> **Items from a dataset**
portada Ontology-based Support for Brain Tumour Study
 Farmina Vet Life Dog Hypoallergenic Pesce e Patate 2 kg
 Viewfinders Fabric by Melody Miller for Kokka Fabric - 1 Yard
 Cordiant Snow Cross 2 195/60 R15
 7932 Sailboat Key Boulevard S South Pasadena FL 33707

> **Work to be completed**
The line containing "Farmina Vet Life" and all lines after it, through the end of the entries above, are to be returned exactly and alone.

> **Result for this task**
 Farmina Vet Life Dog Hypoallergenic Pesce e Patate 2 kg
 Viewfinders Fabric by Melody Miller for Kokka Fabric - 1 Yard
 Cordiant Snow Cross 2 195/60 R15
 7932 Sailboat Key Boulevard S South Pasadena FL 33707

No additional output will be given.